__Dataset entries__.
◆ ◆ ◆ ◆ ◆ ◆ ◆
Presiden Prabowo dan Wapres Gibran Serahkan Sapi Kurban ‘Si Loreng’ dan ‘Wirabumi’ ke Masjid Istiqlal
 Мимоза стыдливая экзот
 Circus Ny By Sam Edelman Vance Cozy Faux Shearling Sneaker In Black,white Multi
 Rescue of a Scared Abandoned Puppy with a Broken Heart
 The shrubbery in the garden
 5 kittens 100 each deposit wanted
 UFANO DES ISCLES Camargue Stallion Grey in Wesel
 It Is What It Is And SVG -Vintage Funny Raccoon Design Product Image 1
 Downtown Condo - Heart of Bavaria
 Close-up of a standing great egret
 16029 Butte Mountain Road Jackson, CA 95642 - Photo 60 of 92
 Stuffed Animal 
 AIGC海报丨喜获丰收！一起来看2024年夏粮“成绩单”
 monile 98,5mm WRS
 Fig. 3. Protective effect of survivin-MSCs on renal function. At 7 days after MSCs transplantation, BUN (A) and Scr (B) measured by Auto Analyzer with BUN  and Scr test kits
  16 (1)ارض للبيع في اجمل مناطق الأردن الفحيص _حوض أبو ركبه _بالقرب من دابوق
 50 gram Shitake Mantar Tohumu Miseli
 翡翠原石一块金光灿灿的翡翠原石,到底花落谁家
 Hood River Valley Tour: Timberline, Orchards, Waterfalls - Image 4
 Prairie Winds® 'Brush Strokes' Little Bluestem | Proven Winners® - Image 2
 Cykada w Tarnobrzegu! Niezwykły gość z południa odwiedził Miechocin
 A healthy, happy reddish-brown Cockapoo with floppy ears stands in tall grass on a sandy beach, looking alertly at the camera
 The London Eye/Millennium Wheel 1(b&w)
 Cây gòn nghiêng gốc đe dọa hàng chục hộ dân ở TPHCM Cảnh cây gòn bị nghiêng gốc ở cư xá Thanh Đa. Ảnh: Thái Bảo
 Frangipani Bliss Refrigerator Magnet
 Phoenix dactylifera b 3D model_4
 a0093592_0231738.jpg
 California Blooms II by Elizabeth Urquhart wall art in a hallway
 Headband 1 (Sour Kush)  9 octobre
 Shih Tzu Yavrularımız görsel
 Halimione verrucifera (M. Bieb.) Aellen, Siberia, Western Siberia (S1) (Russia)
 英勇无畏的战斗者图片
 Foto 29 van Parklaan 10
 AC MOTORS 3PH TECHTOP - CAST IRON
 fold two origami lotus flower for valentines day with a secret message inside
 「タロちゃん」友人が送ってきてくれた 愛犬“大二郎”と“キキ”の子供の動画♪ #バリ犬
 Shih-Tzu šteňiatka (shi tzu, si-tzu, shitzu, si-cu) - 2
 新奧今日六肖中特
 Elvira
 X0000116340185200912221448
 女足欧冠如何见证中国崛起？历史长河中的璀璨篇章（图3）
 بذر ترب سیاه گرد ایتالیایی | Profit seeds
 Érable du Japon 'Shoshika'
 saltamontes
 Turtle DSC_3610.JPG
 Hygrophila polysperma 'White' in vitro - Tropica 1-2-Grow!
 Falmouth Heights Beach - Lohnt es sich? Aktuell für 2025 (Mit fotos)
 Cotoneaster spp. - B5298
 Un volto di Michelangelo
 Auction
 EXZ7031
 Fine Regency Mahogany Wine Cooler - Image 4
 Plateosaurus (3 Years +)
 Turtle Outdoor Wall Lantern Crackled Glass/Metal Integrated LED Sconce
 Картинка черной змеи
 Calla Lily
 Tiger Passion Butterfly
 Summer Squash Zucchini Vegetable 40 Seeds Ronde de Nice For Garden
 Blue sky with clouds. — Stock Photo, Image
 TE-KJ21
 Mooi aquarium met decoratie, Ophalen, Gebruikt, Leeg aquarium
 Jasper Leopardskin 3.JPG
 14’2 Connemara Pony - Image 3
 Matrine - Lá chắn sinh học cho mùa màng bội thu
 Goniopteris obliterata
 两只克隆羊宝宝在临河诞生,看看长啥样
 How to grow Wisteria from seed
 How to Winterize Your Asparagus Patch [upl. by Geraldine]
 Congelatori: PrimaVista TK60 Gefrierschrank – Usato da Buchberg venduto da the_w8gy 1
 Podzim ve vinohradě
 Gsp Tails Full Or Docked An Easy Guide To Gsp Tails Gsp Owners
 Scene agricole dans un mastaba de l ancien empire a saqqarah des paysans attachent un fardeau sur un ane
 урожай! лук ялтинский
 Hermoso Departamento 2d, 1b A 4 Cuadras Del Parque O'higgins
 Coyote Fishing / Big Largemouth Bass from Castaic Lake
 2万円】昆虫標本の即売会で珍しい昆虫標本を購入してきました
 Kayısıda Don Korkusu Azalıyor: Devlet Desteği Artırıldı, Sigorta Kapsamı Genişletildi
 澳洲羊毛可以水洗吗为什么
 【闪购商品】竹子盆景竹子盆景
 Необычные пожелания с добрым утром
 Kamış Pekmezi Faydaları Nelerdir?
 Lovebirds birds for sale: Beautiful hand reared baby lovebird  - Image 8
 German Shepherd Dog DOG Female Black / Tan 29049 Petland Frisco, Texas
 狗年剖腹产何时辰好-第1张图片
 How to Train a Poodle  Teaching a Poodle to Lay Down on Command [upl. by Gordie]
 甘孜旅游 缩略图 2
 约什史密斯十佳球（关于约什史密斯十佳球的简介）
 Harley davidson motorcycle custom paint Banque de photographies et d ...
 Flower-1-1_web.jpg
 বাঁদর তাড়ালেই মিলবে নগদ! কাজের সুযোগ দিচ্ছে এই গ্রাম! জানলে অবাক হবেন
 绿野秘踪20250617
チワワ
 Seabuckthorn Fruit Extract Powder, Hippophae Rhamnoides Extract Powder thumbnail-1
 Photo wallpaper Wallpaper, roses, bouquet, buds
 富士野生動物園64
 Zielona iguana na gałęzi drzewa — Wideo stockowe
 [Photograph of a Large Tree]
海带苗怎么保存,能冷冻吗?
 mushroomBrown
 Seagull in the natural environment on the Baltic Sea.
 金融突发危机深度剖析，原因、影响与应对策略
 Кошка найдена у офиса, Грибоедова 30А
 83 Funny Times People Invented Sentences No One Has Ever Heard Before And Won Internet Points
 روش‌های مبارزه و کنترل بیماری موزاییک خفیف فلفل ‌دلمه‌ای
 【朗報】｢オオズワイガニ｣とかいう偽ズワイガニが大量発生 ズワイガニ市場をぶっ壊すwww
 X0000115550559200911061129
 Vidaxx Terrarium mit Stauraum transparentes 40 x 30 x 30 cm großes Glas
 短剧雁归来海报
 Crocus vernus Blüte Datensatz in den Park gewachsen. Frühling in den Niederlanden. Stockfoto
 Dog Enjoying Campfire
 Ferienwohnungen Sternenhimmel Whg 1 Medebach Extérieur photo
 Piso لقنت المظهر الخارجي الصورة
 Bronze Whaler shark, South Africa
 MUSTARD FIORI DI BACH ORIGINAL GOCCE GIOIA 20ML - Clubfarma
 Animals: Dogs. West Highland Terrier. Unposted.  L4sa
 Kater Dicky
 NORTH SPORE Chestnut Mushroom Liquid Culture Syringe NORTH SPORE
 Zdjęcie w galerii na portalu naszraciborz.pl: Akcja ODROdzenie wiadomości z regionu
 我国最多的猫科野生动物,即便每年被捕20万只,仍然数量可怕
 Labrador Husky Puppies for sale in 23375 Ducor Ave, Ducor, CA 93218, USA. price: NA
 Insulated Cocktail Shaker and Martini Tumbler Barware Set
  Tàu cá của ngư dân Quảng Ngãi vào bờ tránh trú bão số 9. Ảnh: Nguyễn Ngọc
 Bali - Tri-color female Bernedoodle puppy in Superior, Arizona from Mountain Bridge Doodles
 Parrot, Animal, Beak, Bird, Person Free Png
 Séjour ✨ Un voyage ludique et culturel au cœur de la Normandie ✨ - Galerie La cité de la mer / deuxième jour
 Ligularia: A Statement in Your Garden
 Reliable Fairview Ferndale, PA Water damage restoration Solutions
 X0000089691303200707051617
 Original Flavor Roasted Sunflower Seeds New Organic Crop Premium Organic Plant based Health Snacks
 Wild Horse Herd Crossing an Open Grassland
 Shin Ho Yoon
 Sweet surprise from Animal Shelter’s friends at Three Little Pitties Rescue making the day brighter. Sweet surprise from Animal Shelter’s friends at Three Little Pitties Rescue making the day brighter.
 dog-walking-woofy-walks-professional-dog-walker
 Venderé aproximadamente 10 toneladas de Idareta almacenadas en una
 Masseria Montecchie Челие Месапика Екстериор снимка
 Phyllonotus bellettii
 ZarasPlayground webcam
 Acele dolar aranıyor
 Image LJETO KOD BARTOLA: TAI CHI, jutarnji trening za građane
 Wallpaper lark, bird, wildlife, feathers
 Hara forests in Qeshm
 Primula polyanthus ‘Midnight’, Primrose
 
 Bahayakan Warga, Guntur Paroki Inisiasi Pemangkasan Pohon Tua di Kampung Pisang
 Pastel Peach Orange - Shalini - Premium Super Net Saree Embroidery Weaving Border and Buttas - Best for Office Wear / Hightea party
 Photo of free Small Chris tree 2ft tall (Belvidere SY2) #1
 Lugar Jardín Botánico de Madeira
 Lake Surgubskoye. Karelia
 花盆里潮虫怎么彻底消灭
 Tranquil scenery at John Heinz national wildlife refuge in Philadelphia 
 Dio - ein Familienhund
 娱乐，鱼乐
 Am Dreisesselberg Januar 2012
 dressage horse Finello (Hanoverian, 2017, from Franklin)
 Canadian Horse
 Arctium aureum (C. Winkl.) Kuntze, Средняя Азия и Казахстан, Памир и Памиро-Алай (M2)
◆ ◆ ◆ ◆ ◆ ◆ ◆
Each line that has the word "Wallpaper" counts once. How many such lines are in the data? Give the number alone.

2